If we view the November 2018 elections in terms of a tennis match, it looks like Democrats are heading for straight sets’ triumph, concluding up with a triple match point.
The trifecta of victories will control the House, along with significant gains in governorships and state legislatures.
With this “blue wave” surging, one might wonder why it may not include a 4th dimension, taking the Senate where Democrats need only a net gain of two.
Here, the math works against the challengers because while Democrats are defending 26 seats, the Republicans only have eight Senate seats to hold.
Only one of those (Nevada) is a state that voted against Trump in 2016.
However, 11 of the Democratic incumbents are women, the most females ever to so compete in Senate history. As they defend their seats, they will energize women voters throughout the nation.
The rising female power will return them to office and will have ripple effects for increased turn-outs in races for the House, governorships and state legislatures.
Throughout American history, only 51 women have ever served in the U.S. Senate, 34 Democrats and 17 Republicans.
Should new Democratic female challengers flip Republican seats in Nevada (Judy Rosen) and Arizona (Kysten Sinema) all-time highs will be reached for gender inclusion in the Senate; that huge Democratic dominance will be further extended.
Another key voting variable for 2018 will be age demographics.
The election of 2018 is likely to draw the highest participation by millennials in an off-presidential year in our nation’s history. Young people don’t like Donald Trump.
The 18 to 29 contingent played a huge role in Obama’s nomination in 2008 (at that time, my analysis showed he could only have defeated Clinton for the nomination with overwhelming youth support).
In Obama’s presidential elections of 2012, but especially in 2008, millennials had their highest rates of participation ever.
However, their voting sharply declined in 2010 (when the far-right “Tea Party” won huge victories), and, again in 2014 (when the GOP recaptured the Senate and took control of naming life-time judges – the most under-reported story of the past year).
The most recent mid-term of 2014 illustrates what can – and will – be changed in 2018. Four years ago, only 16% of 18-29-year-olds voted compared to 55 percent of citizens over age 60.
The fundamental factor is that the youth contingent has almost as many available voters as older Americans.
The “Boomer” generation totals about 75 million, and the Millennials are nearing that number.
Most dramatic, while 10,000 people, turn 65 every day (causing many LI cardiologist to stop taking additional patients!), 12,000 Americans turn 18 every day. And, they are hugely different in politics and values than elders over 65 (who have voted Republican In every national election since 2000).
Last week, Tim Kreider wrote: “Revolutions have always been driven by the young.”
Many people have been impressed by the passion and eloquence of the Parkland High School students who are speaking truth to the power of elected officials, challenging them to show less profile and more courage.
Can a youth movement, initiated by high school students, be sustained; can it expand? The short answer is “Yes” because as Americans beyond their teens rally to these exceptional youngsters the results will be synergistic.
Kreider says: “It‘s been thrilling to watch furious, cleareyed teenagers shame and vilify soul-dead politicians and lobbyists for complicity in the murders of their friends.”
NRA leaders and supporters are becoming frightened and alarmed as their leader, LaPierre, is being analogized to Dr. Strangelove.
Fox commentators and others on the far-right have been spreading “Fake News” that the high school activists are trained, paid actors, not authentic citizens.

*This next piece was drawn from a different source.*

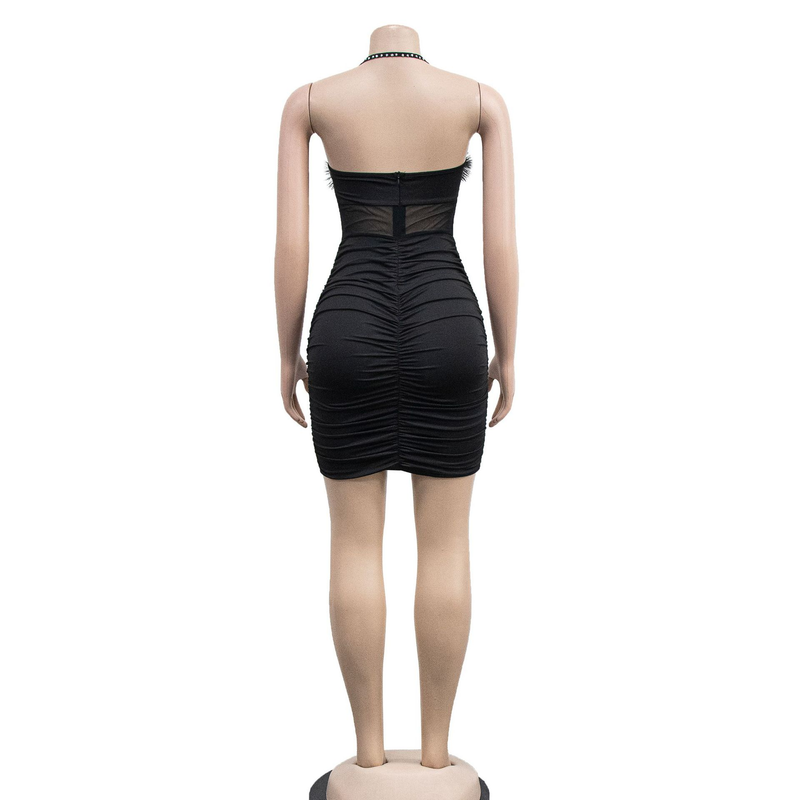 Women's solid color feather tube top sleeveless short skirt dress_autovado.com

But, “as soon as the first N.R.A. A-rated congressman loses an election,” Kreider predicts, “other politicians’ deeply held convictions about Second Amendment rights will start rapidly evolving.”
Youth momentum is gaining daily support.
This past week, New York Times columnist Ross Douthat said that he once favored extending the vote to 16-year olds.
But now, he modifies that view to “Demeny voting,” which would give extra votes to parents for their children.
Just days ago, Temple psychology professor, Lawrence Steinberg, issued a clarion call to legalize voting for 16-year olds.
He argues this is warranted because “Studies of cold cognition have shown that the skills necessary to make informed decisions are firmly in place by 16.”
Steinberg contends there is also a powerful civic argument for the vote at 16 “in addition to the scientific case for lowering the voting age.”
More than a dozen nations already grant the suffrage to 16-year olds.
Look for an expanding youth vote as localities, states, and, then, the national government offer support.
Bolstered by the Parkland students, multitudes will join Steinberg’s praise for them: “They offer an inspiring example of thoughtful, eloquent protest.”